### [How to complete this task]
Whenever a picture appears, leave it out while repeating all the other data exactly.

Brief descriptive captions:
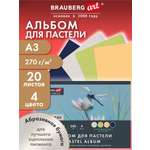 Художественная бумага Brauberg 20 лист.
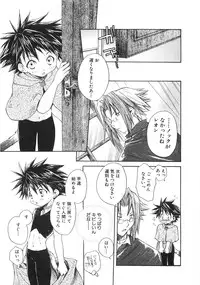 [Aranaga Hikaru] Chibikko Club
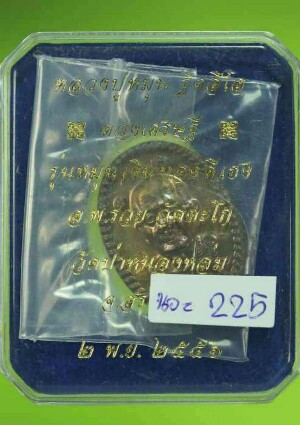 ดวงเศรษฐีรุ่น2เนื้อนวะ เลขสวย 225 รวมกันได้9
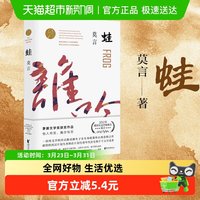蛙 莫言作品集 修订升级版触及灵魂痛处的长篇力作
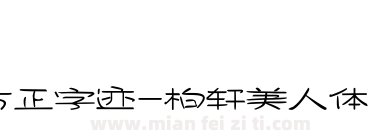 方正字迹-柏轩美人体 简下载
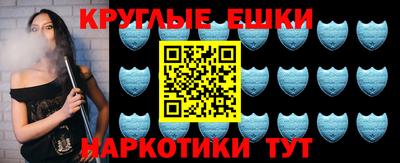 меф VHQ Комсомольск-на-Амуре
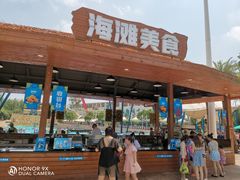 -武汉玛雅海滩水公园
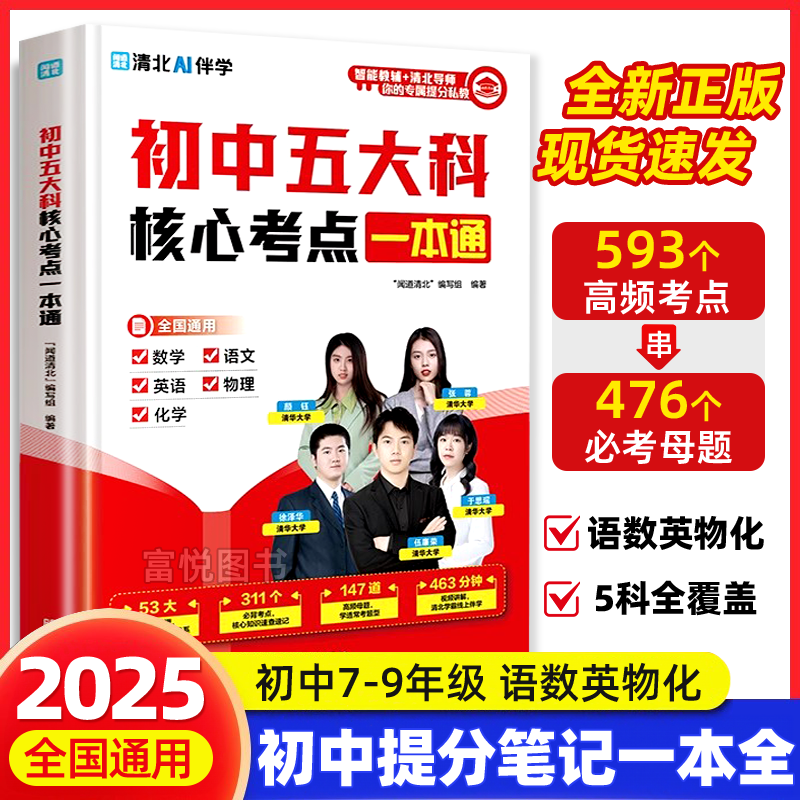 2025版初中五大科核心考点一本通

### [Task solution]
 Художественная бумага Brauberg 20 лист.
 [Aranaga Hikaru] Chibikko Club
 ดวงเศรษฐีรุ่น2เนื้อนวะ เลขสวย 225 รวมกันได้9
蛙 莫言作品集 修订升级版触及灵魂痛处的长篇力作
 方正字迹-柏轩美人体 简下载
 меф VHQ Комсомольск-на-Амуре
 -武汉玛雅海滩水公园
 2025版初中五大科核心考点一本通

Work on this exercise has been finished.